§ EXERCISE DETAILS: Use the entries below and reproduce exactly the lines from the one containing "Three platforms you" down to the one containing "I've got option", both of them included.

§ DATA SUPPLIED:
=== Section Start ===

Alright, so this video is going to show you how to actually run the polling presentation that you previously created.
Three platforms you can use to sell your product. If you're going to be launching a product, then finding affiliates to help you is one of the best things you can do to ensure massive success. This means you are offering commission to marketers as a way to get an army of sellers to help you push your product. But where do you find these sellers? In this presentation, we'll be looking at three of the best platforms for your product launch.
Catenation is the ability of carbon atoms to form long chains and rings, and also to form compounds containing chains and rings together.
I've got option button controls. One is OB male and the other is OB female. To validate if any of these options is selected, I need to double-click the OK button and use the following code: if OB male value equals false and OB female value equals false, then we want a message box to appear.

=== Section End ===
=== Section Start ===

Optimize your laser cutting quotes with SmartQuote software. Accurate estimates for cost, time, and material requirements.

=== Section End ===

§ EXERCISE RESULT:
Three platforms you can use to sell your product. If you're going to be launching a product, then finding affiliates to help you is one of the best things you can do to ensure massive success. This means you are offering commission to marketers as a way to get an army of sellers to help you push your product. But where do you find these sellers? In this presentation, we'll be looking at three of the best platforms for your product launch.
Catenation is the ability of carbon atoms to form long chains and rings, and also to form compounds containing chains and rings together.
I've got option button controls. One is OB male and the other is OB female. To validate if any of these options is selected, I need to double-click the OK button and use the following code: if OB male value equals false and OB female value equals false, then we want a message box to appear.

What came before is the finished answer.